Problem:
Would you copy out, exactly as written, each line from the one containing "grillmeester, inclusief handdoek" to the end of the records below?

(Collected data entries)

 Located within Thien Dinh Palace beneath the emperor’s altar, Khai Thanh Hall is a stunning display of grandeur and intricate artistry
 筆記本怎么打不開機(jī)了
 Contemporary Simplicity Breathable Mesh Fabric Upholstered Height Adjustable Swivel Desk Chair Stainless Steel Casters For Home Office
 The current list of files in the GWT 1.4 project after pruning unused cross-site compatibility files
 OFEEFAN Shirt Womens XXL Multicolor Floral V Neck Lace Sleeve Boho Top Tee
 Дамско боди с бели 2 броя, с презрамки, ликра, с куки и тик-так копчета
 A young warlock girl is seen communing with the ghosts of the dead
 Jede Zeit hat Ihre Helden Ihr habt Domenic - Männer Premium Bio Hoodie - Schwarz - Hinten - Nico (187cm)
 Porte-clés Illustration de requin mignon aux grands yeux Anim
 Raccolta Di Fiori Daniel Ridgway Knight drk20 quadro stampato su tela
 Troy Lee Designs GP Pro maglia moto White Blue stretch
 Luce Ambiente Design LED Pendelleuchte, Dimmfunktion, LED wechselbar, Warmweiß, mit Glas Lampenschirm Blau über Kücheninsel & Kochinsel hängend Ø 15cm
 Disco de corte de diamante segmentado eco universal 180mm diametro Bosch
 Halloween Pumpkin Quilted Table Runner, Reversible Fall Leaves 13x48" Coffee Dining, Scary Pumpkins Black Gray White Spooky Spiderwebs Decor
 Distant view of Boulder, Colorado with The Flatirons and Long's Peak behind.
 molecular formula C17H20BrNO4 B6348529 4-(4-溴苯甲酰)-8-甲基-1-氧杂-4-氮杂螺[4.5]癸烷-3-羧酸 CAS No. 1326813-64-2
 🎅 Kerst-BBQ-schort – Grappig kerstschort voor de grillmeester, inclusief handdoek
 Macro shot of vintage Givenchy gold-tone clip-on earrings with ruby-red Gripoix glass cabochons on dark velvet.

Exercise output:
 🎅 Kerst-BBQ-schort – Grappig kerstschort voor de grillmeester, inclusief handdoek
 Macro shot of vintage Givenchy gold-tone clip-on earrings with ruby-red Gripoix glass cabochons on dark velvet.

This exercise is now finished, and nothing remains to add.